Minimum inhibitory concentration

The fractions that showed antibacterial potential were further assessed for the minimum inhibitory concentration (MIC), which is the minimal concentration of plant extract, or fraction thereof that inhibits the bacterial growth [14]. The stock solutions of the fractions were prepared in pure DMSO in strength of 160 g/L and stored at +4 °C in a refrigerator till their use. Hundred microliter of stock solution containing approximately 16mg of each fraction was transferred aseptically to the micro-titer plate and sequentially half diluted in sterile solution of DMSO in normal saline (9% v/v) such that the last well contained ≈32μg/ml. The bacterial strains were prepared using Muller Hinton Broth (Oxoid, UK) and hundred microliter of the adjusted inoculum (turbidity adjusted equivalent to 0.5 MacFarland) was transferred aseptically to the 96-well micro-titer plate (TPP, Switzerland) in all of the wells containing the test dilutions, negative control (DMSO in normal saline) and standard antibiotics (either Ciprofloxacin or Chloramphenicol) containing wells that served as positive controls. The micro-titer plates were incubated at 37oC for 24 hours for all the organisms except for the M. luteus that required an incubation period of 48 hours. The tests were run in triplicate.

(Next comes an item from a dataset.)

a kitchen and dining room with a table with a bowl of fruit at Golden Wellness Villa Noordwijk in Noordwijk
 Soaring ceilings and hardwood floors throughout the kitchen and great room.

Minimum bactericidal concentration

It is defined as the concentration of the antimicrobial that results in a 99.9% reduction in CFU/ml compared with the organism concentration in the original inoculum [15]. The micro-titer plates were prepared in the same manner as discussed above for MIC studies. After 24 hours incubation or 48 hours incubation in case of M. luteus, from each of the visibly clear wells containing plant test materials, negative control and positive control, hundred microliter samples were taken and spread evenly on the entire surface of nutrient agar plates with the help of sterile glass spreader. The plates were allowed to dry and then kept in inverted position in incubator at 37 oC for 24 hours for all of the test organisms except the M. luteus that was incubated for 48 hours at 37 oC. After the incubation period, the colonies were counted and compared with negative control. The concentration of the plant extract that completely inhibited the growth of the test organism, thereby, resulting in no growth or a 99.9% reduction in CFU/ml was taken as the MBC. The tests were run in triplicate.